Repeat exactly the lines of the records below, starting at the line containing "像素天气组合降温的蓝色温度计图片" and ending at the line containing "Animation of human". Leave the pictures out.

EXCERPTED DATA:
_ _ _
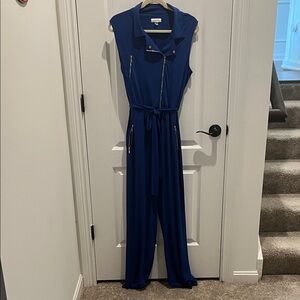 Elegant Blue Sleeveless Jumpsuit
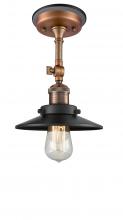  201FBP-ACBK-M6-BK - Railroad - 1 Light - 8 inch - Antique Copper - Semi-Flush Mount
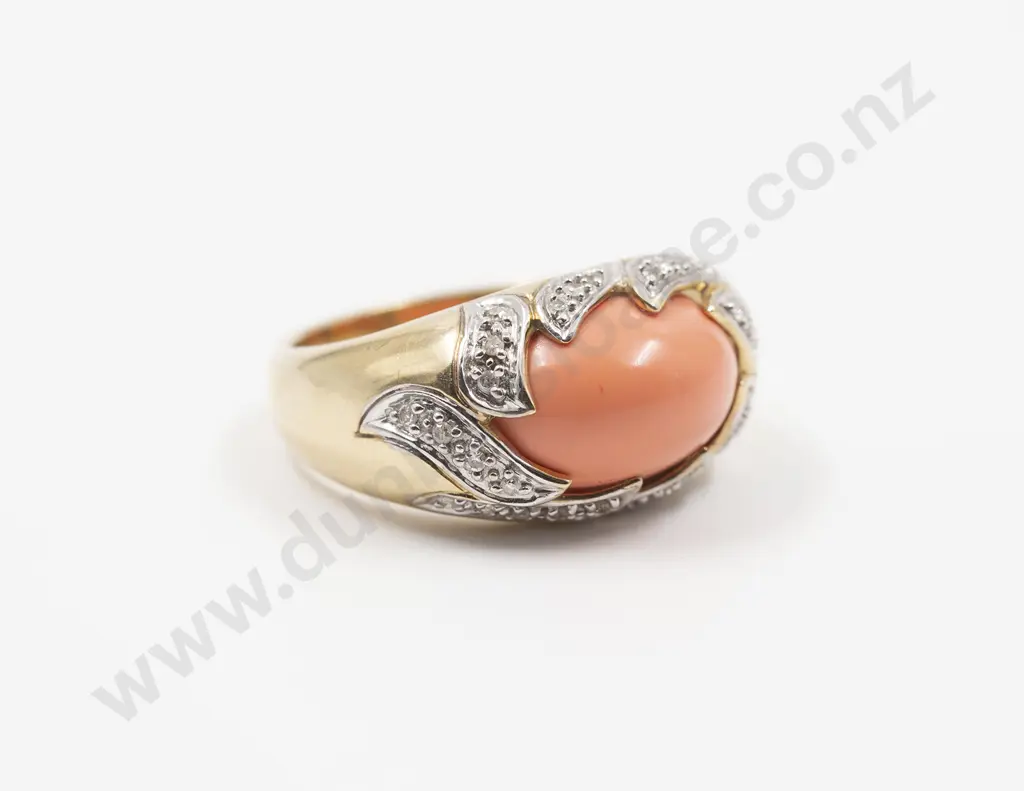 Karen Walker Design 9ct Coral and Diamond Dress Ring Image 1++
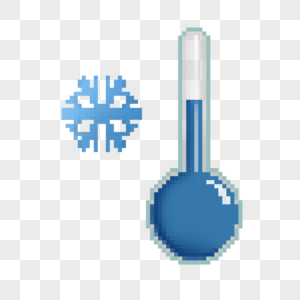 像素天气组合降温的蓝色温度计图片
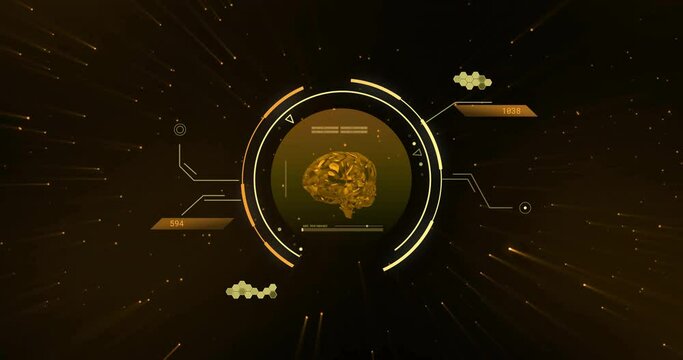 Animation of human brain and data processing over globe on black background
_ _ _
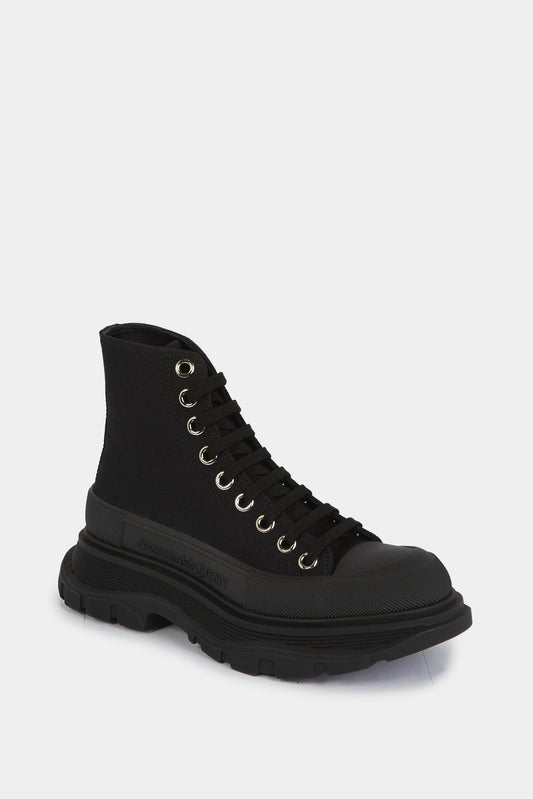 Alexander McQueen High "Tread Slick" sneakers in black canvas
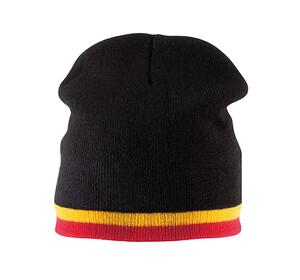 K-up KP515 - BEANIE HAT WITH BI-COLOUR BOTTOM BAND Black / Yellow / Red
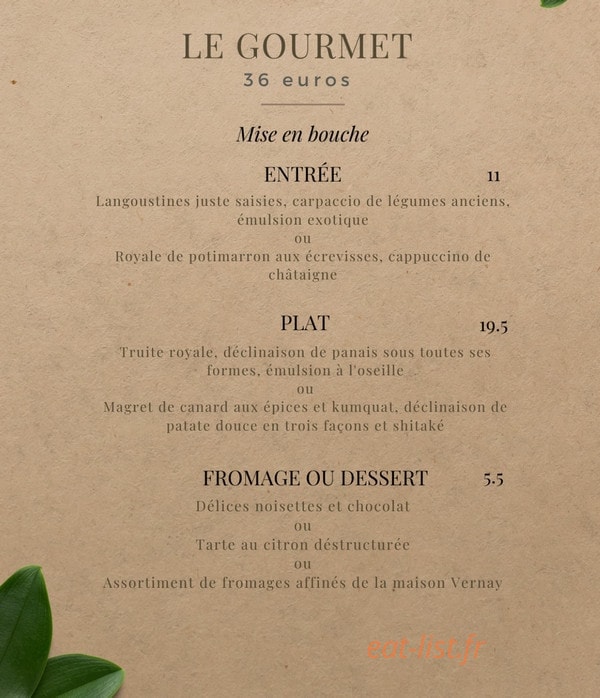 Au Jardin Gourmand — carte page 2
_ _ _
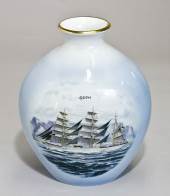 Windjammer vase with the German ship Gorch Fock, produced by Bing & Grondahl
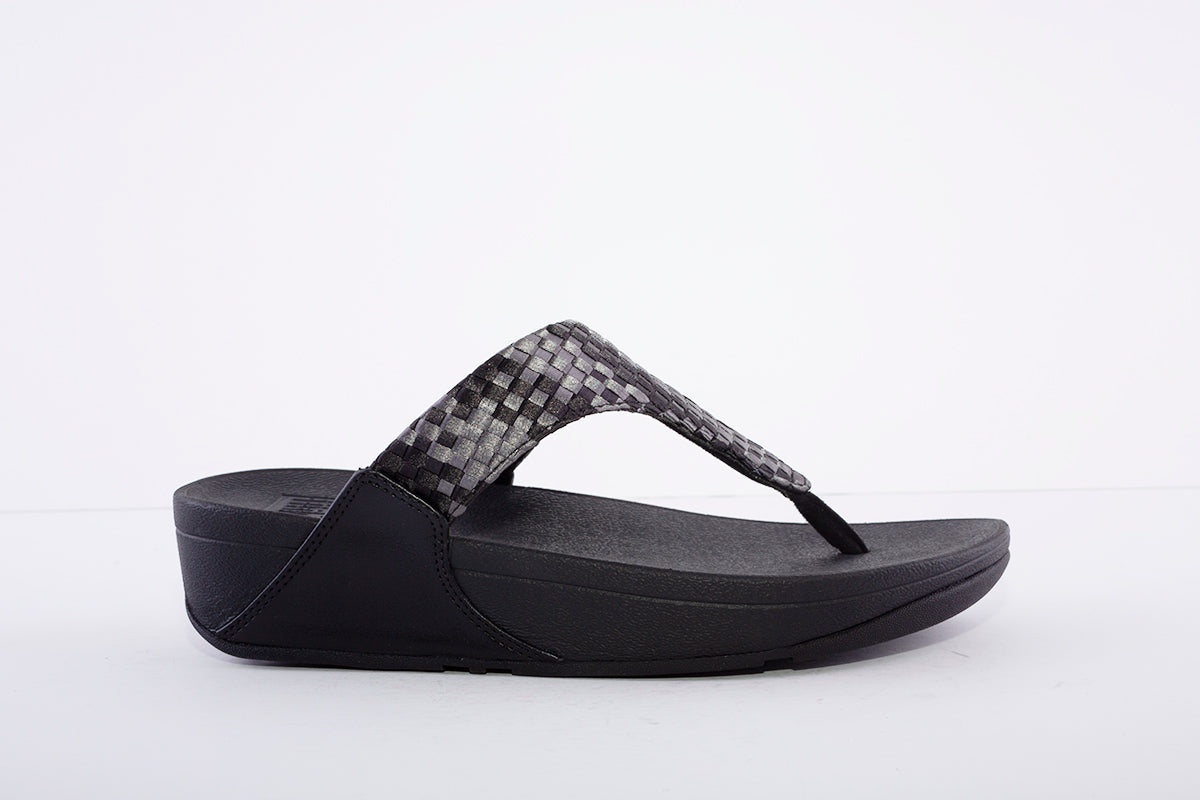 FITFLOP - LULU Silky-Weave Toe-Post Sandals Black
_ _ _
SOLUTION:
 像素天气组合降温的蓝色温度计图片
 Animation of human brain and data processing over globe on black background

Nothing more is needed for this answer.